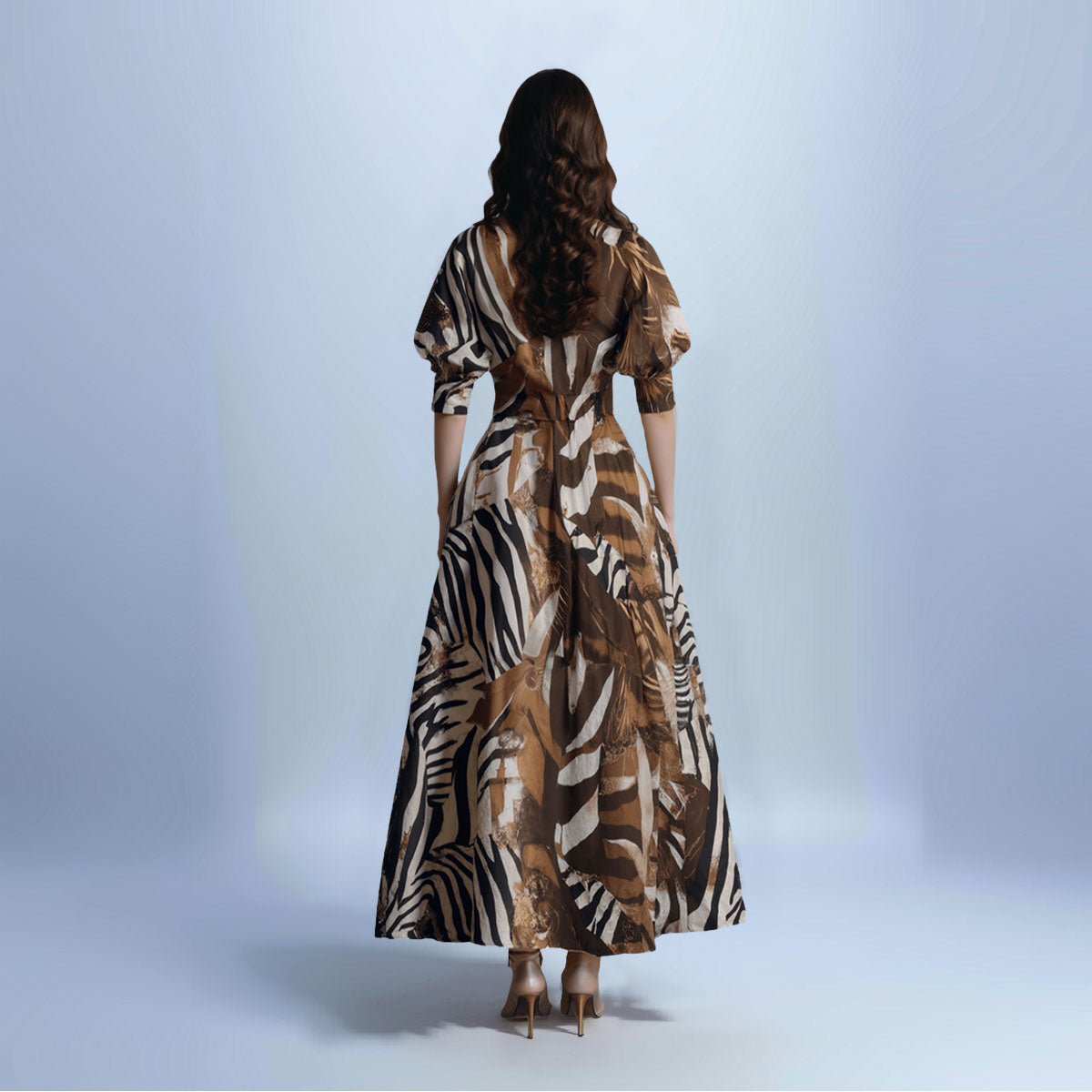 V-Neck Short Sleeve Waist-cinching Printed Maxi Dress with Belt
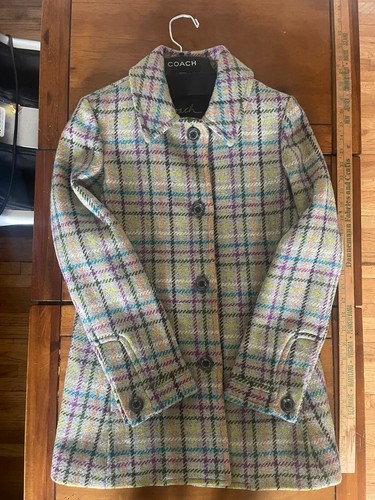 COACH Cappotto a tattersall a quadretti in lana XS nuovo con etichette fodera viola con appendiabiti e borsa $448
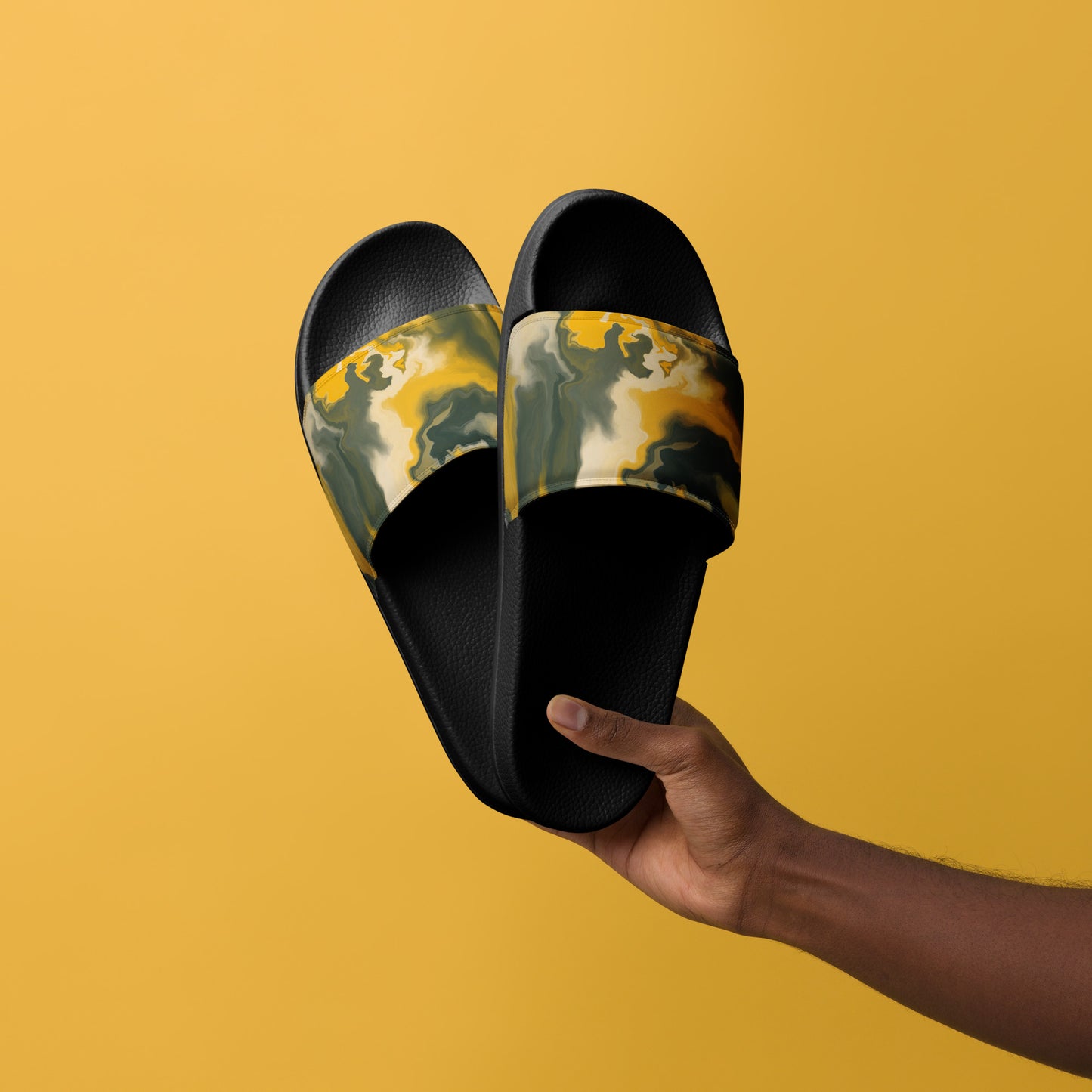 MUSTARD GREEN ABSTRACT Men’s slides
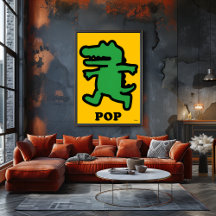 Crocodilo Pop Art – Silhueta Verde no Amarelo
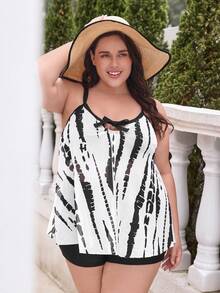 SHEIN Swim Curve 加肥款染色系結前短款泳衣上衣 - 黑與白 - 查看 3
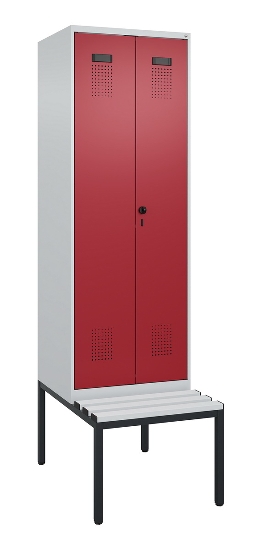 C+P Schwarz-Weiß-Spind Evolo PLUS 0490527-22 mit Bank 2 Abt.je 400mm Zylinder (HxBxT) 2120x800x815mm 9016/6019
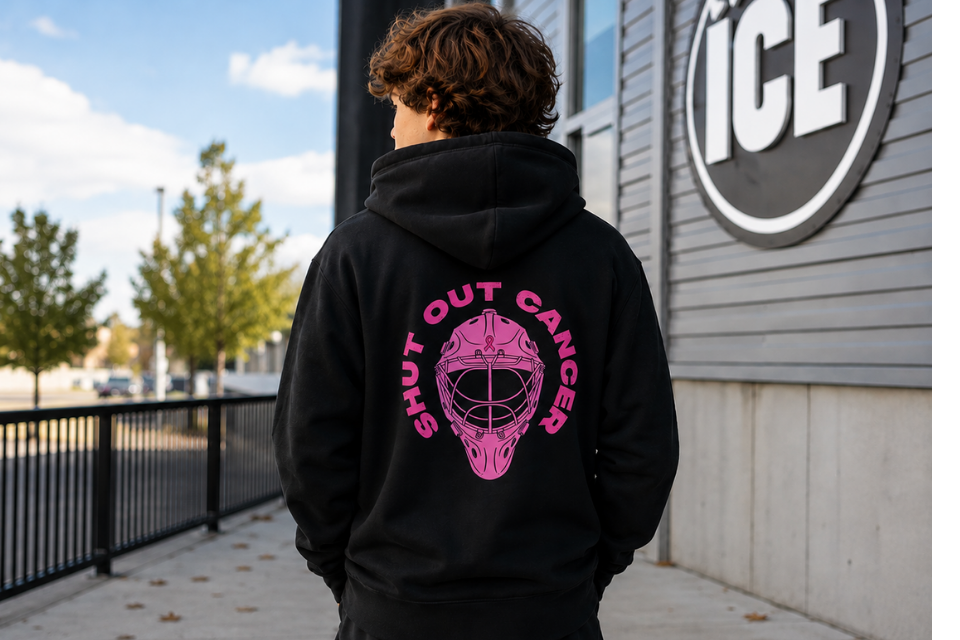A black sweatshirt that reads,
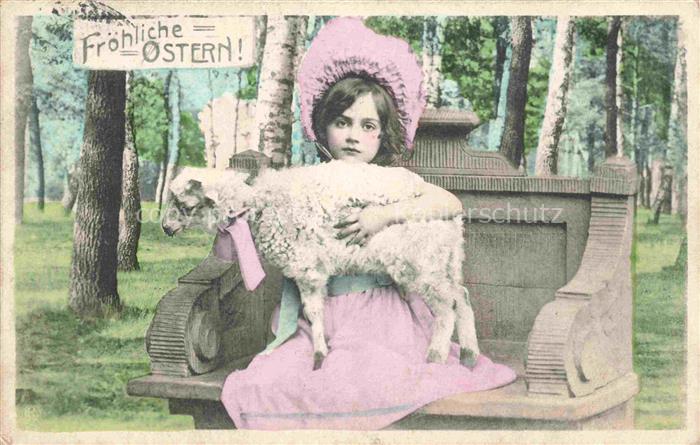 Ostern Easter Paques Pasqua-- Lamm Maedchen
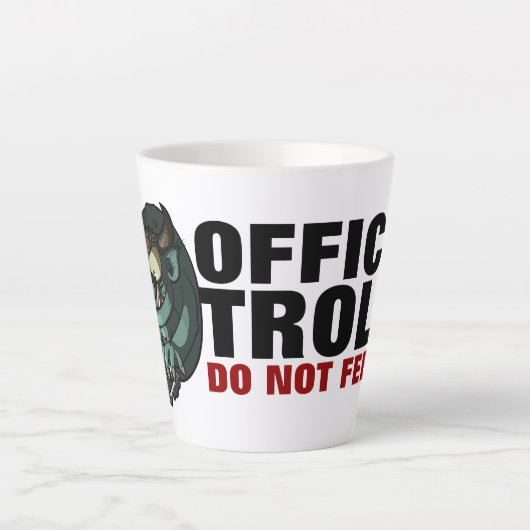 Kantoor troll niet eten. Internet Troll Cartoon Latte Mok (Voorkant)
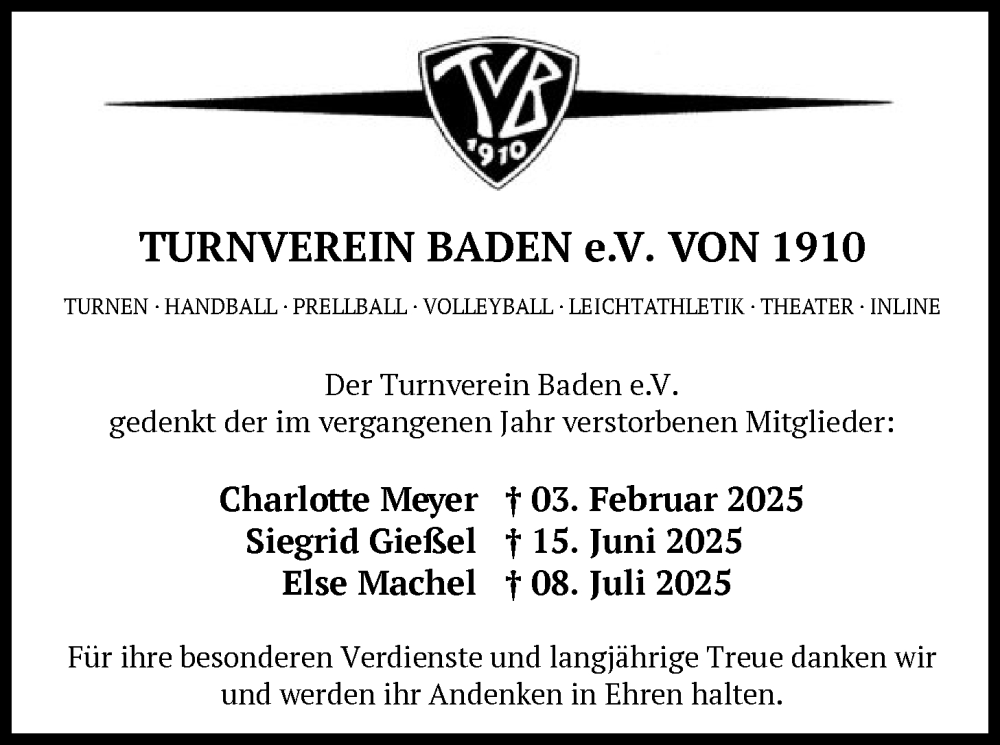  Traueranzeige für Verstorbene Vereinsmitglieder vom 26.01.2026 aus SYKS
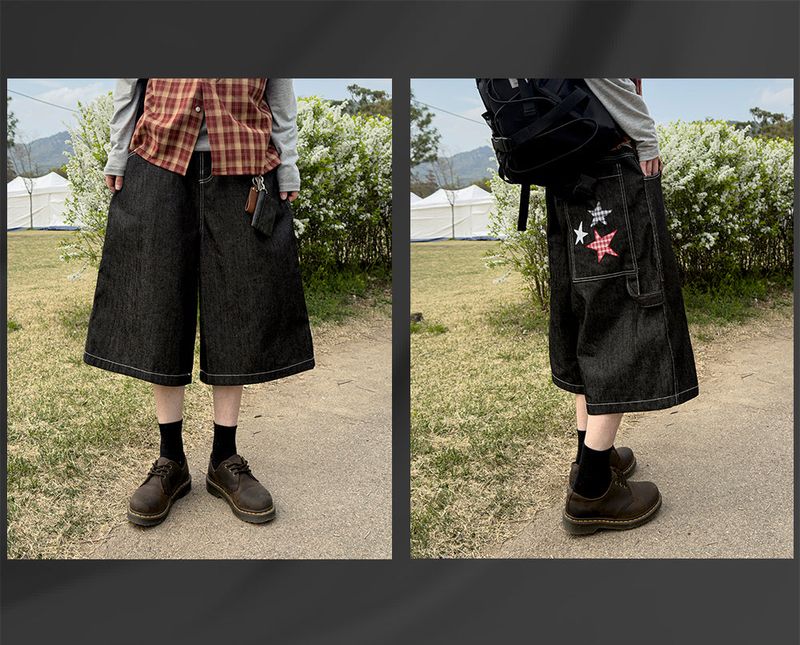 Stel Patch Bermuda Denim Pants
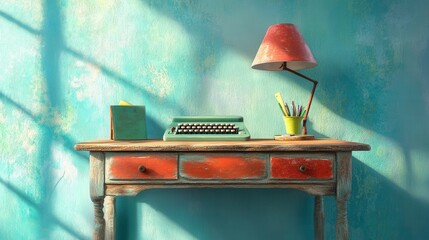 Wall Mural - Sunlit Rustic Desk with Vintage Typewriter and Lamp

- **Task objective**: Without the pictures, transcribe exactly the lines above from the one containing "A black sweatshirt" through the last.

- **Output of the exercise**:
A black sweatshirt that reads,
 Ostern Easter Paques Pasqua-- Lamm Maedchen
 Kantoor troll niet eten. Internet Troll Cartoon Latte Mok (Voorkant)
  Traueranzeige für Verstorbene Vereinsmitglieder vom 26.01.2026 aus SYKS
 Stel Patch Bermuda Denim Pants
 Wall Mural - Sunlit Rustic Desk with Vintage Typewriter and Lamp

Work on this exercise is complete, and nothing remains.